John Frederick Duke of Wurttenberg

This time in history saw many such celebrations all over Europe and normally included theatrical, sacred and other celebrations. Much of the music and other details about the activities were printed in a kind of souvenir book that was distributed among the important guests. The events included a sacred mass (which will provide much of the music for the all festival concert), a masked ball, dances and theatrical presentations on allegorical themes.

This was also the time of many great composers including Heinrich Schütz (below), J.H. Schein, Samuel Scheidt, Michael Praetorius, Claudio Monteverdi, Hans Leo Hassler, the two Gabrielis and many lesser-known names.

This was also the first flowering of music publishing so much of the music from this time is available to us.

Heinrich Schutz

How does the German Renaissance in music differ from its counterparts in, say, Italy, France and England. What is the historical origin and role of the music from that era in that part of the world?

There is a great deal of crossover between the musical styles. International music was heavily influenced by the Italian composers, with whom many composers from other countries went to study. There was some attempt to incorporate styles to suit the language and fashion in each country.

In Germany, this meant attempts at opera in German most famously in Heinrich Schütz’ opera “Dafne,” which was presented some 10 years after the event we are using as a starting place. Germany also attempted to blend the dominant Italian style with the post-Reformation church music including the Becker psalter and the hymns of Martin Luther (below).

martin luther color

What music and composers of the era have been most neglected and least neglected by historians and performers?

Schütz is the most famous German composer from this era but there were many other including the aforementioned Schein, Scheidt, Praetorius (below), Hassler and also Matthias Weckman, Christoph Bernard, Heinrich Albert and Johann Kaspar Horn.

michael praetorius

Can you tell us about the program “Stuttgart 1616” for the All-Festival Concert on Friday, July 12?

Most of the music for the final concert will be drawn from the mass that was composed by Leonhard Lechner (below top and at bottom in a YouTube video), for the christening along with traditional chant and other sacred music by Ludwig Daser, Balduin Hoyoul, Simon Lohet, Gregor Aichinger, Michael Praetorius and Hans Leo Hassler (below bottom).

Leonhard Lechner

Hans Leo Hassler

Are there other sessions, guest lectures and certain performers that you especially recommend for the general public?

The lineup of guest groups is very strong this year. Most of the groups will be familiar to Madison audiences with the exception of Calmus Ensemble Leipzig from Germany and the Dark Horse Consort from New York. Calmus (below top) is an award-winning vocal ensemble whose concert will feature music from several different eras, including some works by J.S. Bach.
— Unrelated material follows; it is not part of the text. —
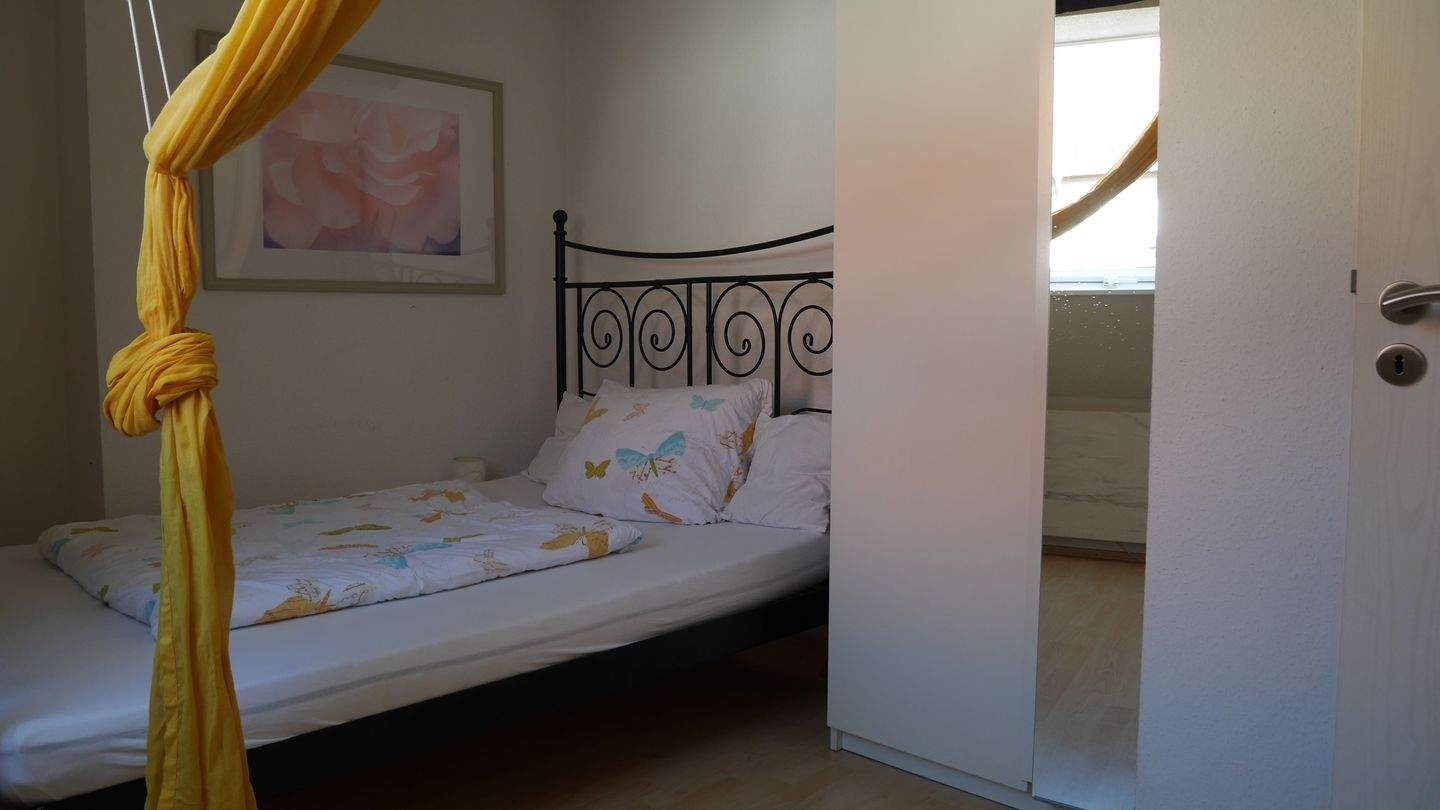 Charmante 2-Zimmer-Dachgeschosswohnung in der Altstadt von Nürnberg Lage: – Nürnberg – Vorschaubild 7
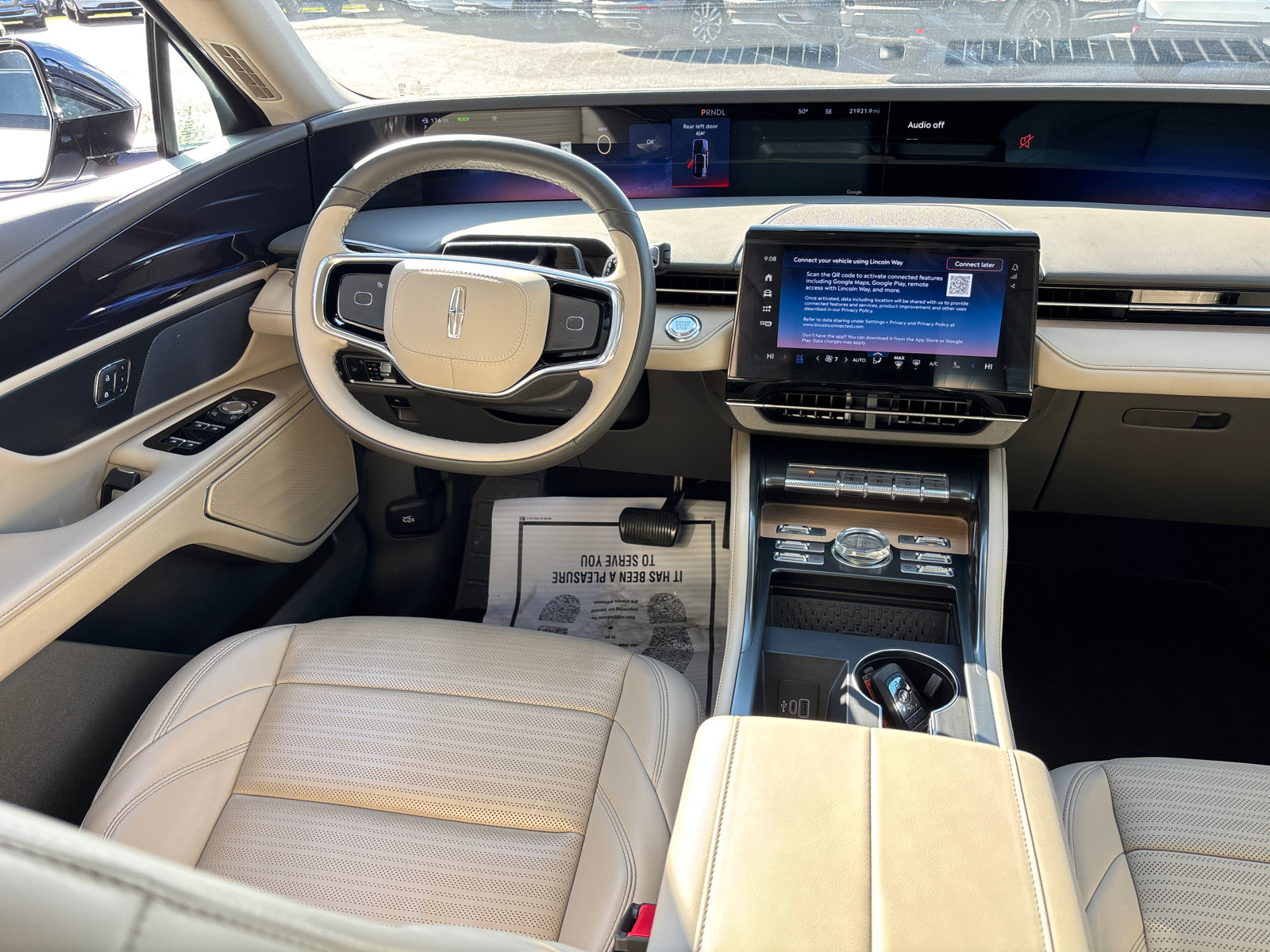 Certified 2024 Lincoln Nautilus Reserve AWD/4WD image 30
Dark Horse Early Brass Consort (below bottom in a photo by Tatiana Daubek) is presenting a program of music for brass, voices and continuo.

Some of this music will be the most familiar music of this time with the Venetian-influenced double choirs and echo effects and extremely powerful blocks of sound for which brass ensembles are known.

Calmus Ensemble Leipzig

Dark Horse Early Brass Consort CR  Tatiana Daubek

Is there anything else you would like to add?

This summer promises to be a window into this time in history when many changes were in the air. It was a time of peace and prosperity all over Europe that was soon to end in the Thirty Years war.

In some ways it is similar to our “Roaring” Twenties with all kinds of musical styles mixing together as fashions shift. All the economic activity encouraged exchanges of art, music and literature, which was promoted further by the expansion of print.

It is also different to examine Germany at this time when we normally look at Italy, England and northern Europe. Germany was seen as a kind of artistic backwater but this era is what began a change in that perception.